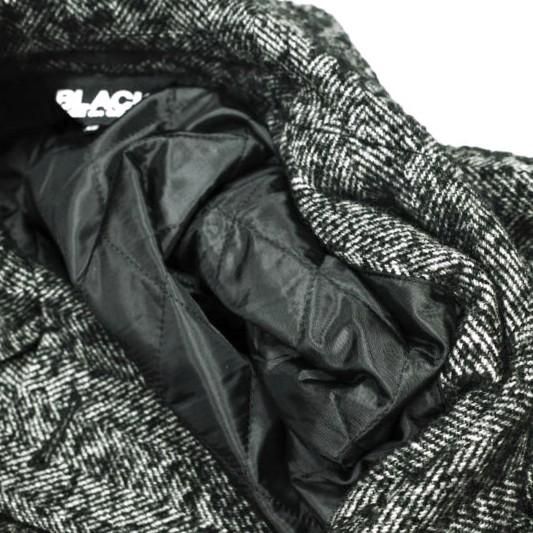 BLACK COMME des GARCONS ブラックコムデギャルソン 25AW ウール/ナイロン ツイードヘリンボーンコート 1P-C003 XS 定価156,200円 |  | 06
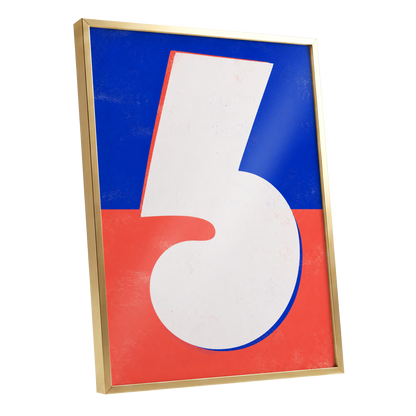 Six in Signal Colours, white, blue, red minimalist wall art shown as a gold framed poster wall art print
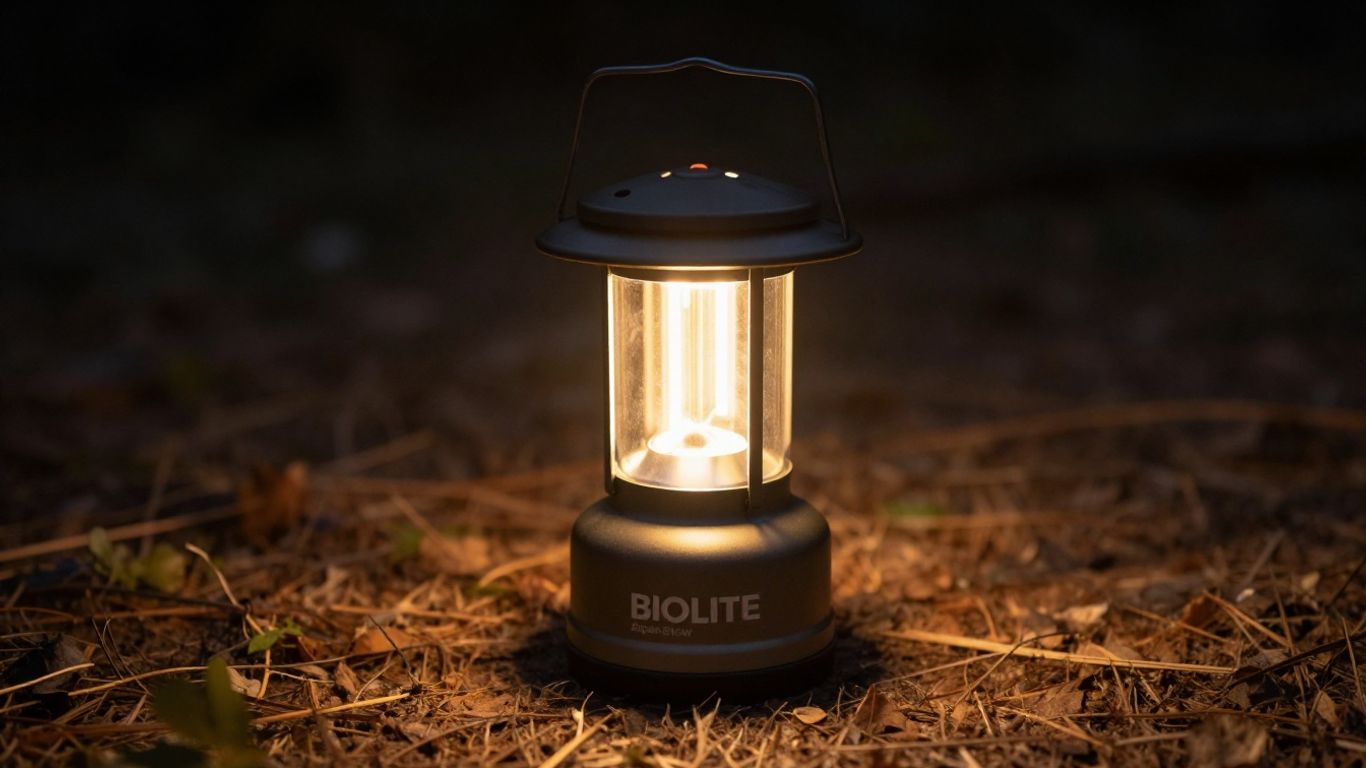 BioLite AlpenGlow 500 outdoor rechargeable lantern glowing at night.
——
When you reach an image, pass over it, and retype all other material exactly.

Task response
 BLACK COMME des GARCONS ブラックコムデギャルソン 25AW ウール/ナイロン ツイードヘリンボーンコート 1P-C003 XS 定価156,200円 |  | 06
 Six in Signal Colours, white, blue, red minimalist wall art shown as a gold framed poster wall art print
 BioLite AlpenGlow 500 outdoor rechargeable lantern glowing at night.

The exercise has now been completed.